All of these studies are amazing and help SEOs understand when to be concerned and take a proactive role. However, before you determine that sitting back is the right solution for your site, I recommend being actively cautious by experimenting with small section Think: Jim Collin’s “bullets, then cannonballs” philosophy from his book Great by Choice:

“A bullet is an empirical test aimed at learning what works and meets three criteria: a bullet must be low-cost, low-risk, and low-distraction… 10Xers use bullets to empirically validate what will actually work. Based on that empirical validation, they then concentrate their resources to fire a cannonball, enabling large returns from concentrated bets.”

Consider testing and reviewing through the following:

  1. Confirm that your content is appearing within the DOM.
  2. Test a subset of pages to see if Google can index content.
  • Manually check quotes from your content.
  • Fetch with Google and see if content appears.
  • Fetch with Google supposedly occurs around the load event or before timeout. It’s a great test to check to see if Google will be able to see your content and whether or not you’re blocking JavaScript in your robots.txt. Although Fetch with Google is not foolproof, it’s a good starting point.
  • Note: If you aren’t verified in GSC, try Technicalseo.com’s Fetch and Render As Any Bot Tool.

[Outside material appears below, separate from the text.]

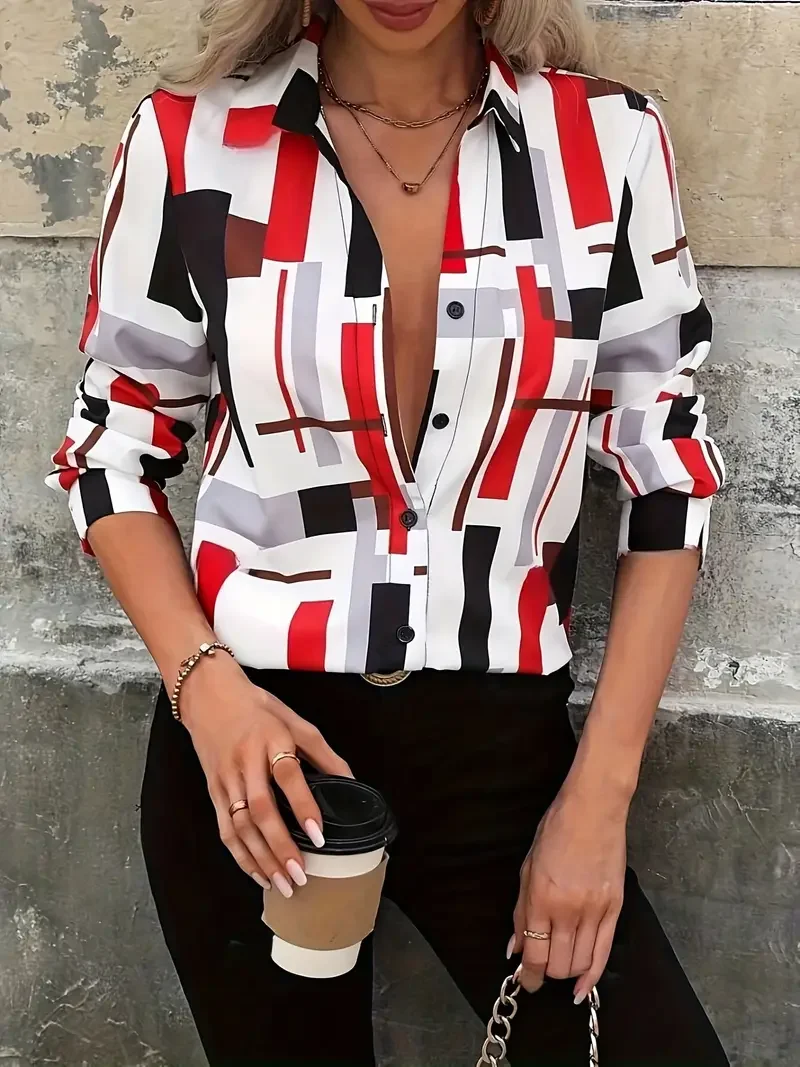 Women's Long Sleeve Shirt Spring/Fall As Picture Abstract Buckle Shirt Collar Regular Sleeve Daily Going Out Casual Top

After you’ve tested all this, what if something’s not working and search engines and bots are struggling to index and obtain your content? Perhaps you’re concerned about alternative search engines (DuckDuckGo, Facebook, LinkedIn, etc.), or maybe you’re leveraging meta information that needs to be parsed by other bots, such as Twitter summary cards or Facebook Open Graph tags. If any of this is identified in testing or presents itself as a concern, an HTML snapshot may be the only decision.

2. HTML SNAPSHOTS
What are HTmL snapshots?

HTML snapshots are a fully rendered page (as one might see in the DOM) that can be returned to search engine bots (think: a static HTML version of the DOM).

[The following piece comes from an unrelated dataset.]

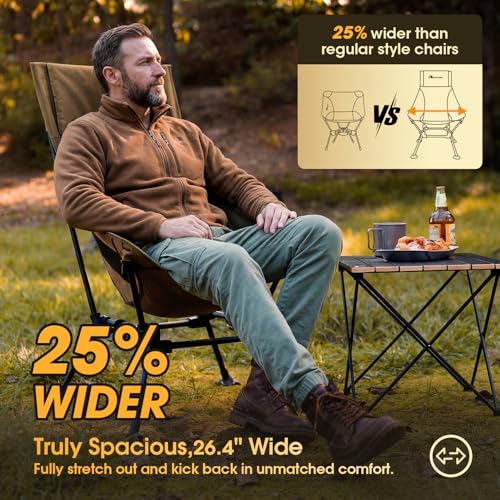 Oversized High Back Camping Chair for Adults (Brown)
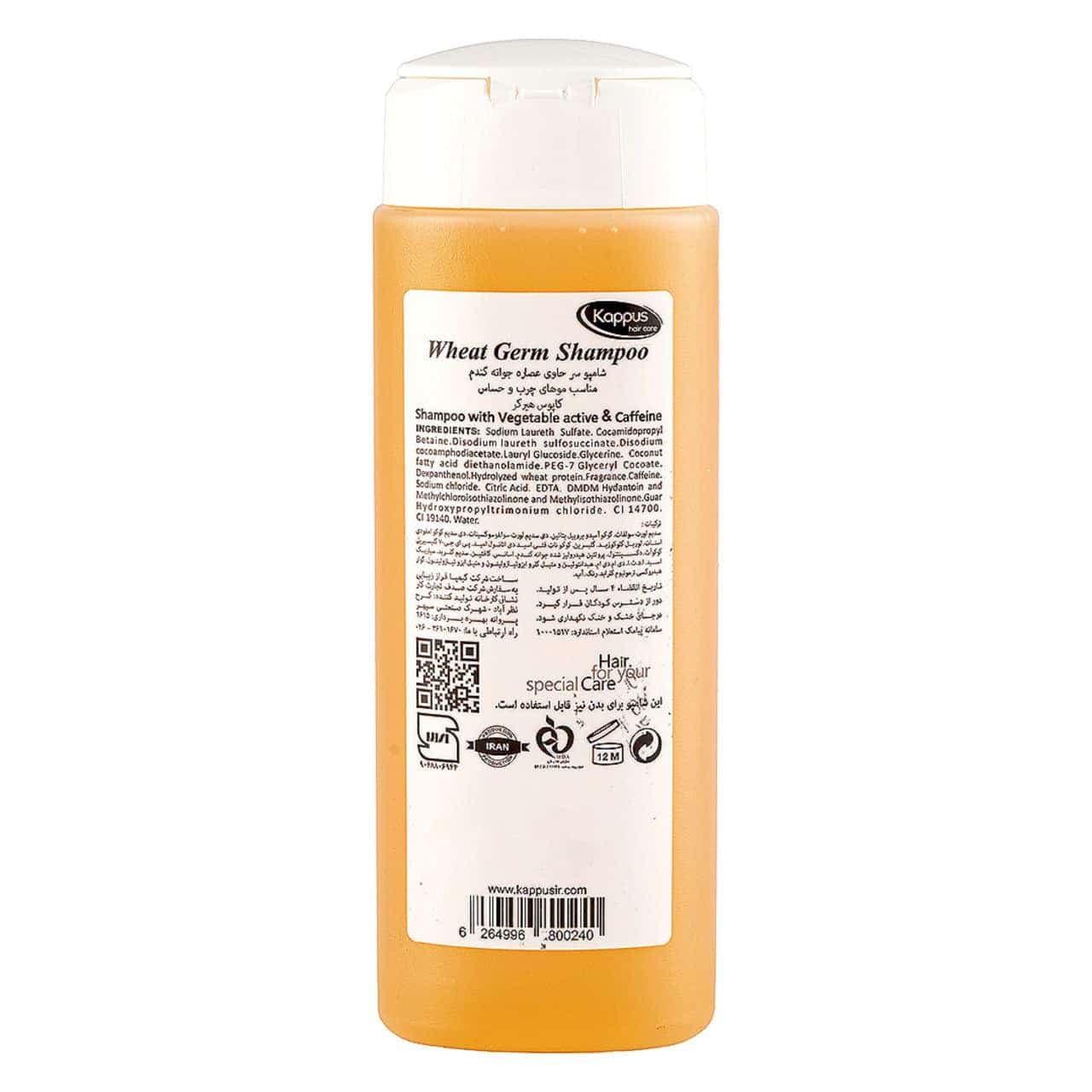 شامپو جوانه گندم کاپوس 250گرم Kappus Wheat Germ Shampoo — تصویر ۳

Google introduced HTML snapshots 2009, deprecated (but still supported) them in 2015, and awkwardly mentioned them as an element to “avoid” in late 2016. HTML snapshots are a contentious topic with Google. However, they’re important to understand, because in certain situations they’re necessary.

If search engines (or sites like Facebook) cannot grasp your JavaScript, it’s better to return an HTML snapshot than not to have your content indexed and understood at all. Ideally, your site would leverage some form of user-agent detection on the server side and return the HTML snapshot to the bot.

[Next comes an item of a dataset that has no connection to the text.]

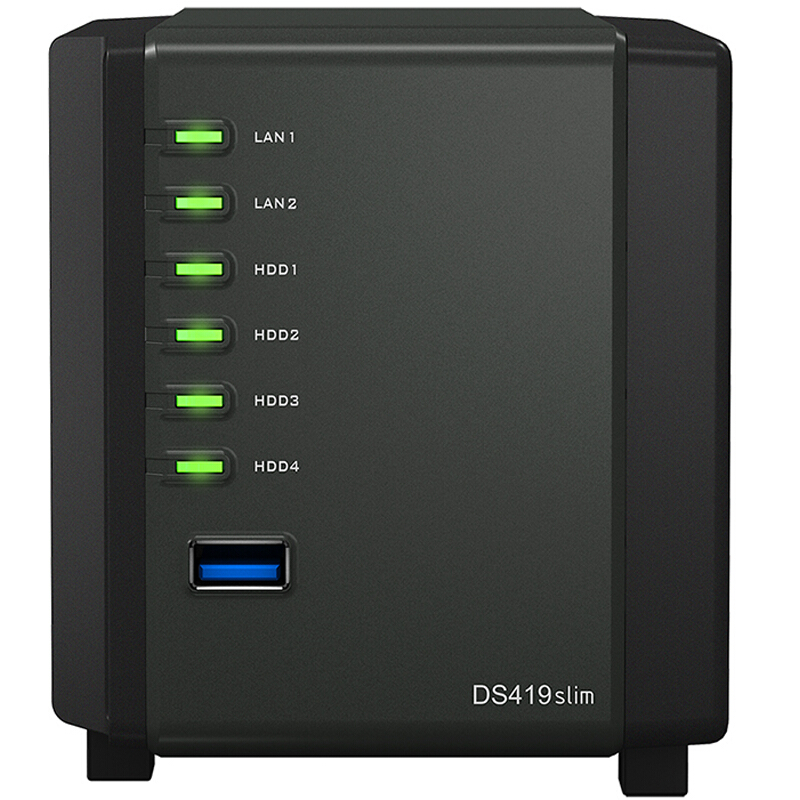 群晖 DS419slim 可支持4颗2.5寸硬盘 NAS网络存储服务器 （无内置硬盘）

At the same time, one must recognize that Google wants the same experience as the user (i.e., only provide Google with an HTML snapshot if the tests are dire and the JavaScript search group cannot provide support for your situation).

Considerations

When considering HTML snapshots, you must consider that Google has deprecated this AJAX recommendation. Although Google technically still supports it, Google recommends avoiding it. Yes, Google changed its mind and now want to receive the same experience as the user. This direction makes sense, as it allows the bot to receive an experience more true to the user experience.

A second consideration factor relates to the risk of cloaking. If the HTML snapshots are found to not represent the experience on the page, it’s considered a cloaking risk. Straight from the source:

“The HTML snapshot must contain the same content as the end user would see in a browser. If this is not the case, it may be considered cloaking.”
– Google Developer AJAX Crawling FAQs

Benefits

Despite the considerations, HTML snapshots have powerful advantages:

  1. Knowledge that search engines and crawlers will be able to understand the experience.
    • Certain types of JavaScript may be harder for Google to grasp (cough… Angular (also colloquially referred to as AngularJS 2) …cough).
  2. Other search engines and crawlers (think: Bing, Facebook) will be able to understand the experience.
    • Bing, among other search engines, has not stated that it can crawl and index JavaScript. HTML snapshots may be the only solution for a JavaScript-heavy site. As always, test to make sure that this is the case before diving in.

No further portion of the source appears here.